Exciting breaking news! A Minnesota astronomer has announced that astrological signs are all a month off! And what’s with this new ’13th sign,’ Ophiuchus?
Well, it turns out that this news is not so new, after all. Astronomers have known about precession of the equinoxes since the time of the ancient Greeks, 2,100 years ago! Hardly breaking news.
Precession is the motion of Earth’s axis of rotation with respect to the stars that’s noticeable on a timescale of decades (it moves through 1 cycle every 2,600 years). From Earth, the Sun appears to travel across the sky along a constant path across a background of constellations known as the Zodiac. Precession means that the apparent timing of the Sun’s travels seems to vary, as we observe it from Earth. The Sun’s path doesn’t change (and keep in mind that the Sun’s ‘path’ is an illusion of perspective from our position on Earth- we are traveling around the Sun, not the other way around).
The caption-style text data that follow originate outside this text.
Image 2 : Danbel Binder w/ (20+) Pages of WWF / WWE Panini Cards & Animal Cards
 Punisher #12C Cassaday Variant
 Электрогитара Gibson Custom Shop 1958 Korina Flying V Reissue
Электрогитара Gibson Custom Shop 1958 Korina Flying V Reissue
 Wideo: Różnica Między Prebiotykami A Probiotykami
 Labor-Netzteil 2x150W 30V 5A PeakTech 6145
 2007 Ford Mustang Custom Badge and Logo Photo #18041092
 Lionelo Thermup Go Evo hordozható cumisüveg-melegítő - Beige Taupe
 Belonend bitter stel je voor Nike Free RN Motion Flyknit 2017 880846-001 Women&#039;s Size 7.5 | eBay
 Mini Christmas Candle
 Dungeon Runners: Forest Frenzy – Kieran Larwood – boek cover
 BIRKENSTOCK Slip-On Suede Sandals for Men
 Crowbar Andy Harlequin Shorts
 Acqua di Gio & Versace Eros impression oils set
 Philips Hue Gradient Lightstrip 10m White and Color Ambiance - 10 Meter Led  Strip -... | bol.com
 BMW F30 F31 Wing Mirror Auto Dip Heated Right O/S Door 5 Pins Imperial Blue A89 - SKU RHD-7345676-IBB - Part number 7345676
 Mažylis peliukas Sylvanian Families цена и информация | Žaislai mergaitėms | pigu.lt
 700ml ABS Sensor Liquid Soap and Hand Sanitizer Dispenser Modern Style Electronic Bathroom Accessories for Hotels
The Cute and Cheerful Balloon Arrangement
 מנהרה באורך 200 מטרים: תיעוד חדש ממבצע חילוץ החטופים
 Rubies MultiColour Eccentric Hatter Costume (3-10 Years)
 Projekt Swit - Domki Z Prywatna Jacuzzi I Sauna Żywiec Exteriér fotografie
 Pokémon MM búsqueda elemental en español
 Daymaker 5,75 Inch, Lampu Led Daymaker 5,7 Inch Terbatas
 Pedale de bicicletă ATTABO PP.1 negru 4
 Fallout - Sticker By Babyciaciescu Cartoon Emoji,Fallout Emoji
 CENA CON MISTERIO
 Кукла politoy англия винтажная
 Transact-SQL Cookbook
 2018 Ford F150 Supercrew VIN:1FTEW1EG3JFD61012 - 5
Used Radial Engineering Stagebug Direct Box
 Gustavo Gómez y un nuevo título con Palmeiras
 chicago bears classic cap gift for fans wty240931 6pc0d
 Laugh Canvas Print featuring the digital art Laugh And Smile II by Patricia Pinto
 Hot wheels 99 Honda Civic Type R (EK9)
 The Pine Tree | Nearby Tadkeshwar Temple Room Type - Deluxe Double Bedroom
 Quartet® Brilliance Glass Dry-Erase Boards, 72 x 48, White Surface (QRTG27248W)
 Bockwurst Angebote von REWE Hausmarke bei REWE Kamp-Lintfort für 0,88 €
The recent news has been about the fact that the timing of the ‘astrological calendar’ is wrong: the Sun is basically not ‘in’ the constellations when astrologers have been saying that they are. This is a phenomenon that’s been known for centuries! However, there are a few more things wrong with the astrological picture:
- First, the division of the year into 12 equally-timed astrological signs is a matter of convenience. The Sun does not spend the same amount of time traversing the 12 Zodiacal signs (they’re widely-different in size).
- Second, Ophiuchus, the ’13th sign,’ lies along the Zodiac, but was excluded from the count for some reason when the ancient Babylonians made the divisions. Why? Probably because it was easier for their calculations to divide the sky into 12 equal pieces.
- Third, the constellations are an optical illusion, only visible from the vantage point of Earth. They’re made up of imaginary lines connecting star ‘groups’ that can be in reality thousands of light years apart.
- Fourth, and most important: astrology does not work! The reason we can read a horoscope and later think ‘gee, that predicted event x so well’ is because of something called confirmation bias. Human memory is fallible, and after the fact we will selectively recall the few sentences of a horoscope that seem to ‘predict’ events that happened, and forget the many more ‘predictions’ that did not occur. Despite millennia of searching, we have not been able to identify any cosmic force that would cause the planets or stars to affect our individual lives. And multiple scientific studies have proven that horoscope charts are no more predictive of our personalities than statements chosen by random chance.
So the upshot is this: If you liked your ‘old’ sign, stick with it. Chances are, your horoscope based on that sign is just as accurate as the one from your ‘new’ sign. Meaning that it will predict your future no better than a set of sentences pulled randomly out of a hat.